(Records for processing)

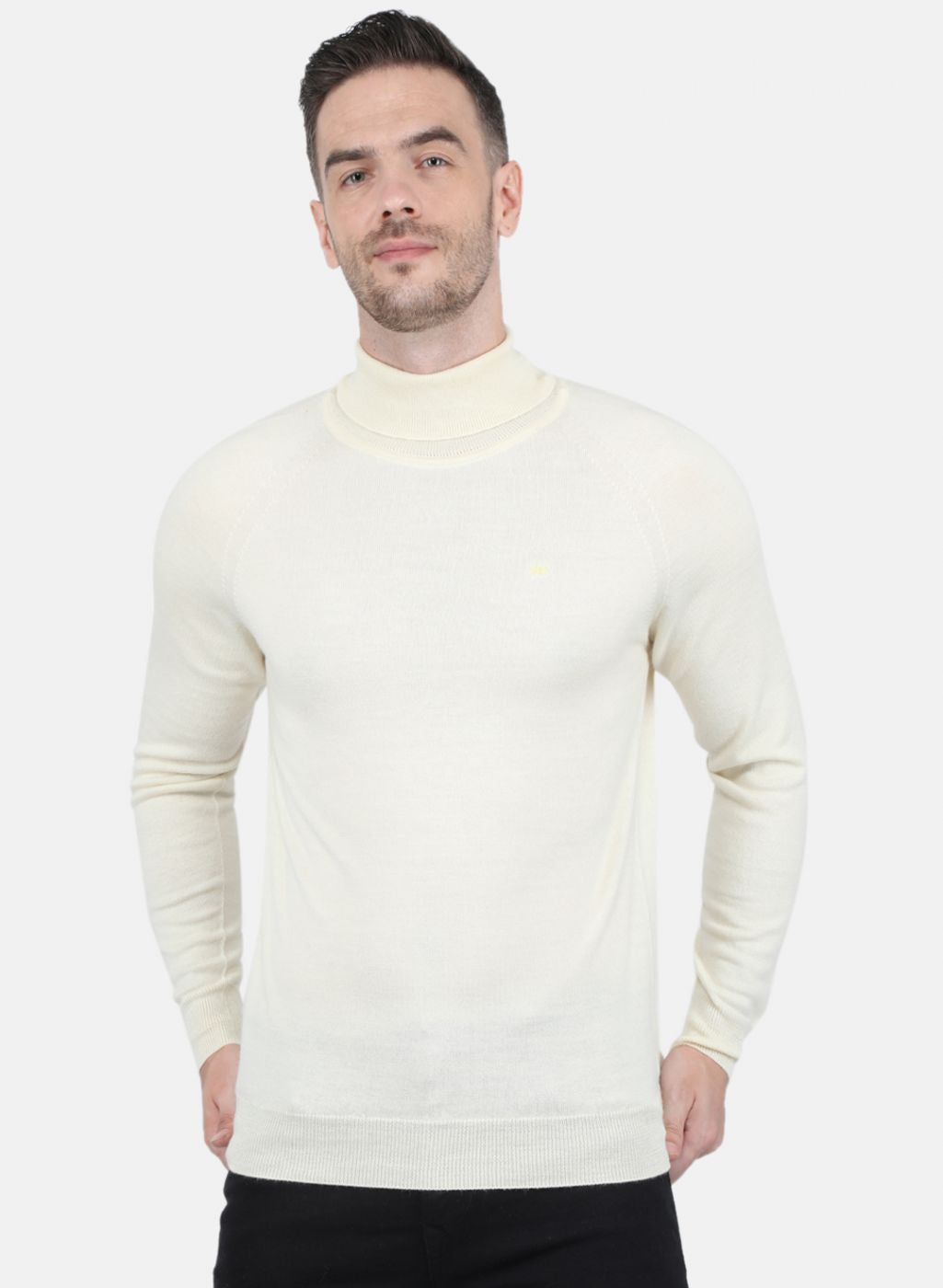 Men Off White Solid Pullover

(End Records for processing)
(Records for processing)

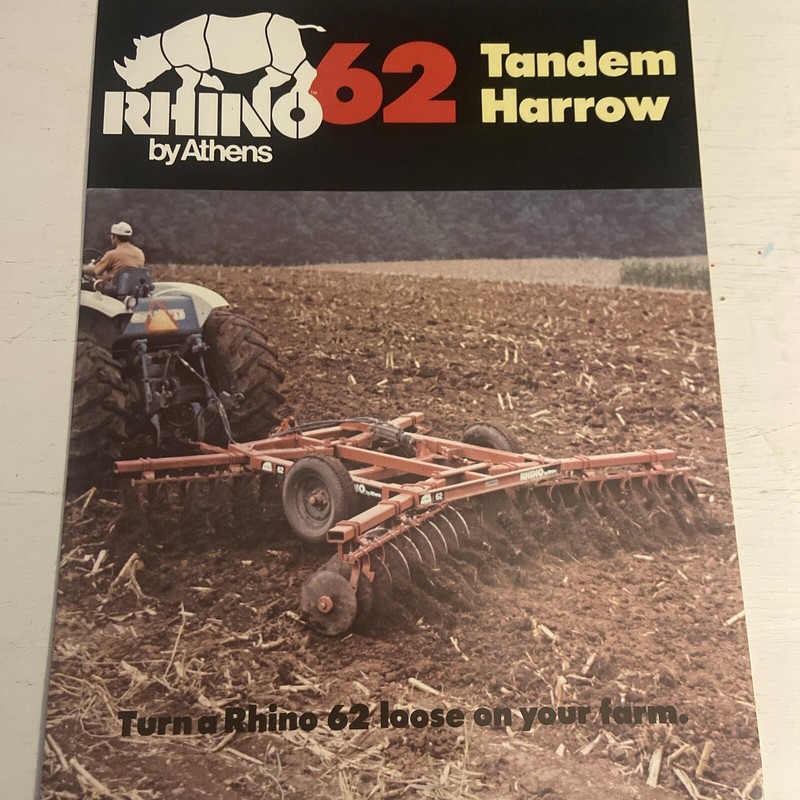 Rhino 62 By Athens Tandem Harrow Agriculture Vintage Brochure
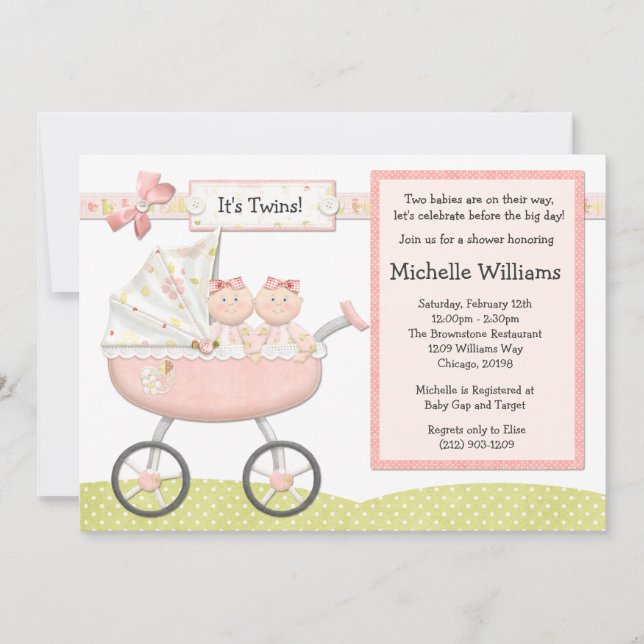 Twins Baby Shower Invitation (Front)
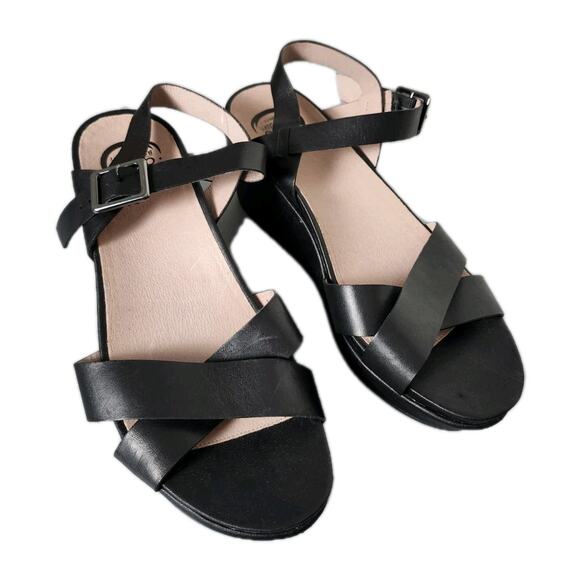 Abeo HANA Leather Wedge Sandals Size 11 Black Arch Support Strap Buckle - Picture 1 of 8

(End Records for processing)
(Records for processing)

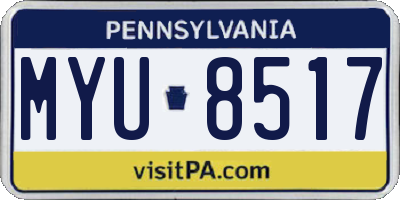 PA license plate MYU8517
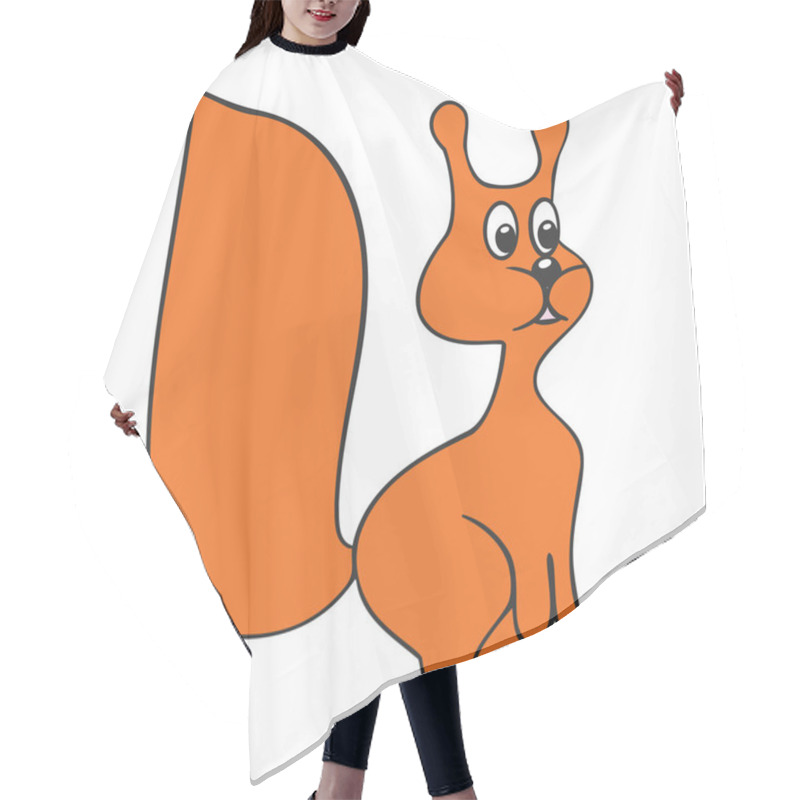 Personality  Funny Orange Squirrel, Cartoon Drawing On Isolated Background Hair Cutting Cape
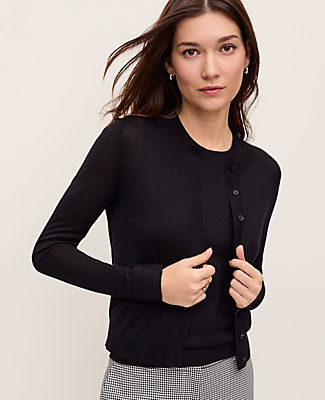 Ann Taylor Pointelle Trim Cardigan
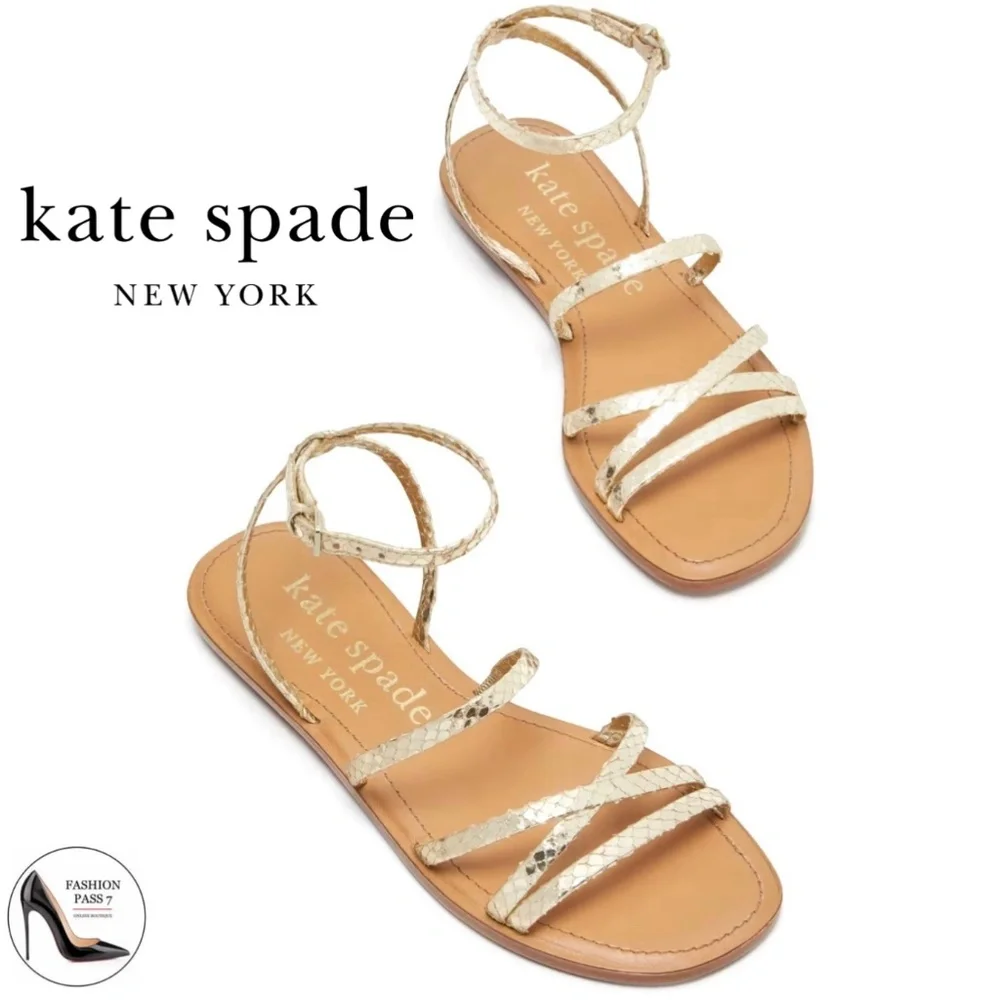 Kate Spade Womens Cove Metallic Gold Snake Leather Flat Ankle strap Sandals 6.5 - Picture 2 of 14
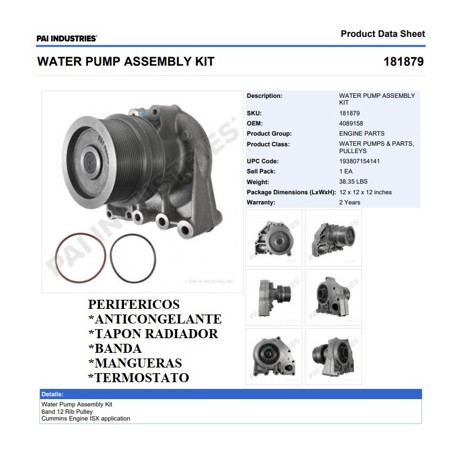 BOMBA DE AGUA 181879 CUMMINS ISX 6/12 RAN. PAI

(End Records for processing)

Only one stretch of the entries above is needed: the lines from the one containing "Rhino 62 By" through the one containing "Abeo HANA Leather". Copy it exactly, without the pictures.

 Rhino 62 By Athens Tandem Harrow Agriculture Vintage Brochure
 Twins Baby Shower Invitation (Front)
 Abeo HANA Leather Wedge Sandals Size 11 Black Arch Support Strap Buckle - Picture 1 of 8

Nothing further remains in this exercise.